Choi, Y., Taylor, J., & Tibshirani, R. (2014). Selecting the number of principal components: Estimation of the true rank of a noisy matrix. *arXiv preprint* arXiv:1410.8260.
Efron, B., & Morris, C. (1972). Empirical Bayes on vector observations: An extension of Stein's method. *Biometrika*, 59(2), 335-347.

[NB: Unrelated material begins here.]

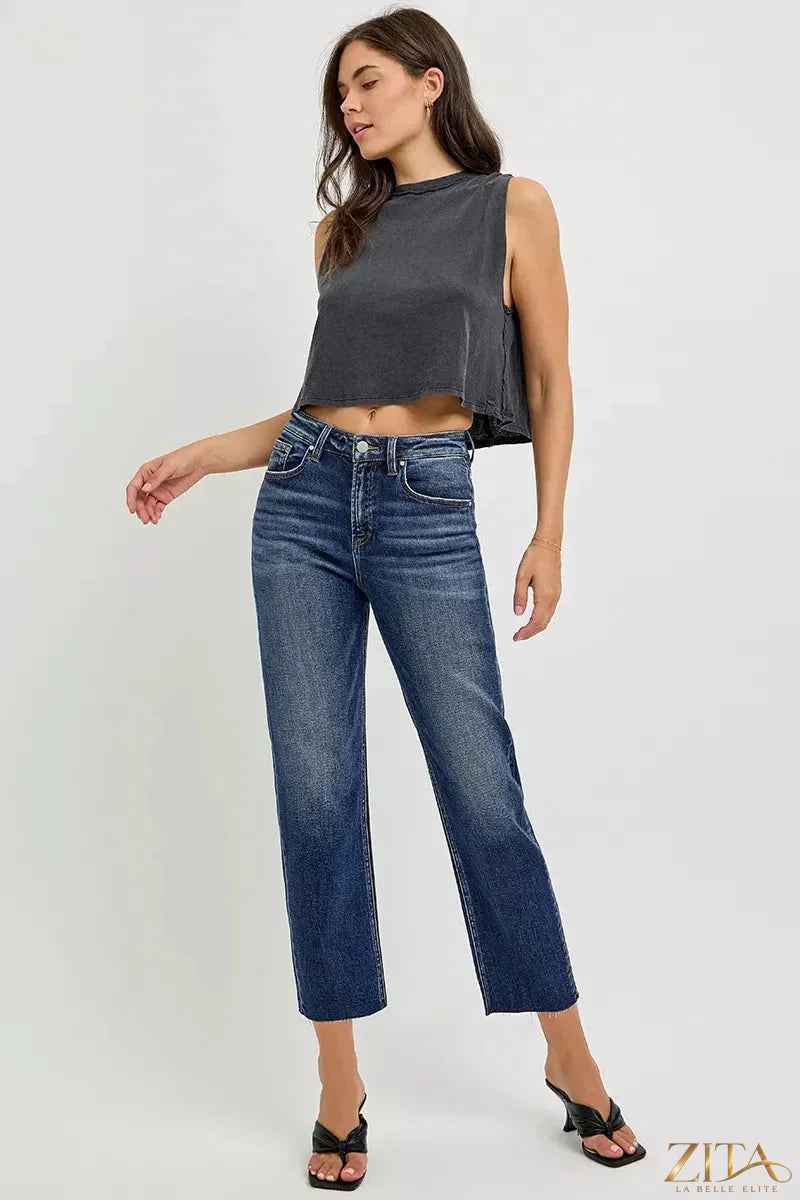 Zita La Belle Elite Risen high-rise slim barrel jeans in dark denim, showing front view with five-pocket design and clean stitching.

Gavish, M., & Donoho, D. L. (2014). The optimal hard threshold for singular values is 4/sqrt(3). *Information Theory, IEEE Transactions on*, 60(8), 5040-5053.
Gerard, D., & Hoff, P. (2015). Adaptive Higher-order Spectral Estimators. *arXiv preprint* arXiv:1505.02114.
James, W., & Stein, C. (1961, June). Estimation with quadratic loss. *In Proceedings of the fourth Berkeley symposium on mathematical statistics and probability* (Vol. 1, No. 1961, pp. 361-379).